A combined structural/statistical texture analysis of monolayer ovarian cancer cell nuclei

Abstract

Determining the prognosis in an early stage of human cancer can be essential for the choice of optimal therapy. Digital image analysis of cell nuclei is a very useful tool to obtain quantitative information for robust and reliable prognosis. A substantial number of papers have been published on the use of various texture analysis methods for diagnostic and prognostic work on human cancer, and most of the studies are based on texture analysis of the gray levels in the images. We will take another approach, and use a refined adaptive segmentation method developed in this thesis to describe the structures inside the cell nuclei images. The refined thresholding method is spatially adaptive within each image, while its parameters are adapted to the histogram of each image.
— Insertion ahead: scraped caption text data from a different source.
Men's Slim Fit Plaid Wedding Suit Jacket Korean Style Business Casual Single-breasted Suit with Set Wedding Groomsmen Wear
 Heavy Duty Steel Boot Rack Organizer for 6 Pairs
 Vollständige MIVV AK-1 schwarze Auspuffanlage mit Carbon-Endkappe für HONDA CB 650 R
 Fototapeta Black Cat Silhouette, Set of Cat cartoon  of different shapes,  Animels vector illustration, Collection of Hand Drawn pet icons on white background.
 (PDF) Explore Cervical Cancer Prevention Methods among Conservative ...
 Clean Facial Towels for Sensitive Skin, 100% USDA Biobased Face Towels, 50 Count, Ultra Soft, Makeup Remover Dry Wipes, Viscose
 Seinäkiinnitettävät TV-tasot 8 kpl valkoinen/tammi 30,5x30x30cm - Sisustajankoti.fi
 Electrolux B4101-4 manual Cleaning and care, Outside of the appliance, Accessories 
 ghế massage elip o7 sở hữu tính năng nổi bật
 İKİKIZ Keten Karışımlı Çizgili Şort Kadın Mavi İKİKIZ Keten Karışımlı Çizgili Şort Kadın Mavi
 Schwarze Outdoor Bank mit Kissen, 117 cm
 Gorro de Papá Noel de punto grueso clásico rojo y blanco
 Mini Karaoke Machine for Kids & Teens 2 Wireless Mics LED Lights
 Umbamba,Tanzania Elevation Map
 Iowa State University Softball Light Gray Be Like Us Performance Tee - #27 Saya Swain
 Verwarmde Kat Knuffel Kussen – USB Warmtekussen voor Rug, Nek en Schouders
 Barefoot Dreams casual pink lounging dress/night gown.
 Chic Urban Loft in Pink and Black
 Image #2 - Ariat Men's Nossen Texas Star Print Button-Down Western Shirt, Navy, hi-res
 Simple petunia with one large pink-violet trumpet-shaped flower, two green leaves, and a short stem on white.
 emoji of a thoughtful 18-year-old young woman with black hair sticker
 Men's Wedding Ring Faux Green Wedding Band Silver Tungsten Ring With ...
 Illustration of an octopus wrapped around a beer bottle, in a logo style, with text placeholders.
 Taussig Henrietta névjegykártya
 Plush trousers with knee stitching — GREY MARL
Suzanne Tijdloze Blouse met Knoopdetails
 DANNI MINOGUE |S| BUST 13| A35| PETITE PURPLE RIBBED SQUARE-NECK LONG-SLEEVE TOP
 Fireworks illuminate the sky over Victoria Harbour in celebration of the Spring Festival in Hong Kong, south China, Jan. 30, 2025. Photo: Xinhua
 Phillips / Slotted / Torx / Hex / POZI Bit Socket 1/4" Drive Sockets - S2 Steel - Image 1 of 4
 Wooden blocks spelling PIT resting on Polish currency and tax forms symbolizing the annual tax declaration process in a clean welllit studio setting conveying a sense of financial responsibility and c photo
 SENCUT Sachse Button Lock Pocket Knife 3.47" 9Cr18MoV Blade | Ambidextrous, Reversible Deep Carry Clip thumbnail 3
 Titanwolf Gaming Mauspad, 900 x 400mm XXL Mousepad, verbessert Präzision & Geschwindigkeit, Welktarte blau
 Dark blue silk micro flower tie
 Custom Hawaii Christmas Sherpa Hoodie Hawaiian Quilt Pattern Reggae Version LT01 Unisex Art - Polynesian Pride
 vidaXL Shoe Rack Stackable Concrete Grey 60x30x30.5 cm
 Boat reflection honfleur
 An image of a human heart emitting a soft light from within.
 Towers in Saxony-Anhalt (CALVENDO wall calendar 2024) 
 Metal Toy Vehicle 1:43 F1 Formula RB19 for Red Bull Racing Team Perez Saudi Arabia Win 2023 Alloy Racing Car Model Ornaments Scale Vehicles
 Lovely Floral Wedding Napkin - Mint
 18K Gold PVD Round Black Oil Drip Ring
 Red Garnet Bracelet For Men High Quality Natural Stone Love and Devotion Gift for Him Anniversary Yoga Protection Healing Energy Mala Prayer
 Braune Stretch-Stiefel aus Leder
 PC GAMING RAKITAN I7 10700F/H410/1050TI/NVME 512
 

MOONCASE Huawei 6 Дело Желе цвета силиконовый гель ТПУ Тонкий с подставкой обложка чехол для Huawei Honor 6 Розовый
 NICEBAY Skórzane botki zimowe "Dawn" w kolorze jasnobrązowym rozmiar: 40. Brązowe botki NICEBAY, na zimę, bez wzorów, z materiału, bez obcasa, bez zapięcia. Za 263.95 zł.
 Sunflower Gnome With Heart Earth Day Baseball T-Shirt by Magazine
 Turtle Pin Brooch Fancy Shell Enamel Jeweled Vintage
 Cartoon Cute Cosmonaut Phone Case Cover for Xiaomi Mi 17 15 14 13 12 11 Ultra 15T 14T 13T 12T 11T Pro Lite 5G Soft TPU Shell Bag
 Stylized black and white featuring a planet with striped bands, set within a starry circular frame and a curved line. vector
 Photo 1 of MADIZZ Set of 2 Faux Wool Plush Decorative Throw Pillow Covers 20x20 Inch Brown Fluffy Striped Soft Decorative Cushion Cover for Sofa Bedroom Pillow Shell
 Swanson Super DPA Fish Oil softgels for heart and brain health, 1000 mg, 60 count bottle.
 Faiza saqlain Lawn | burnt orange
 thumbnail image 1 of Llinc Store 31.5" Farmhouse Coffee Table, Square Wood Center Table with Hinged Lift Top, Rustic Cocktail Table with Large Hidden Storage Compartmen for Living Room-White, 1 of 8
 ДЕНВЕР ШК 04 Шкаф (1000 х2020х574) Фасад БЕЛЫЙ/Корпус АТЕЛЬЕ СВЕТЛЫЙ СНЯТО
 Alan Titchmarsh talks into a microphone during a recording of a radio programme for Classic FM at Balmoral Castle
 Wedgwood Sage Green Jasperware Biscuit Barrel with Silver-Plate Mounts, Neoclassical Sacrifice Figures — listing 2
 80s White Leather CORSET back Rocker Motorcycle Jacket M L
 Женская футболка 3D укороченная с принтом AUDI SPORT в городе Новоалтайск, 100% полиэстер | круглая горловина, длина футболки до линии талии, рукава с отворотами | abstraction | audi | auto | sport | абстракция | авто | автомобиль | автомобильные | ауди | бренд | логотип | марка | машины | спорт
In a novel approach, we evaluate the characteristics of the segmented structures statistically to decide the prognosis per image, and finally a rule is formed to classify each patient. The data set analyzed consists of 134 patients with early ovarian cancer. The problems with such small data sets is addressed, and a solution based on statistical bootstrapping is proposed. This gives a more robust estimate of the correct classification rate (CCR) than the traditional single CCR estimate would, and in addition gives a CCR uncertainty estimate. Dividing the data set into two groups based on DNA-ploidy - effectively introducing a simple two-step classification scheme - substantially improved the performance of the classification. Combining the structural features extracted from the objects inside each cell nucleus with the best statistical gray level feature - an adaptive entropy matrix feature from a previous study on the same material - further improved the correct classification rate, leading to a CCR close to 90\%. In conclusion, the significant improvement in correct classification rate obtained by combining the best statistical and structural texture features seems to hold a promise of very high CCRs, which would be immensely valuable in prognostic work on human cancers. This may be true beyond the present data set, and possibly quite generally. But obviously some caution is called for, and more tests on different and larger data sets should be performed.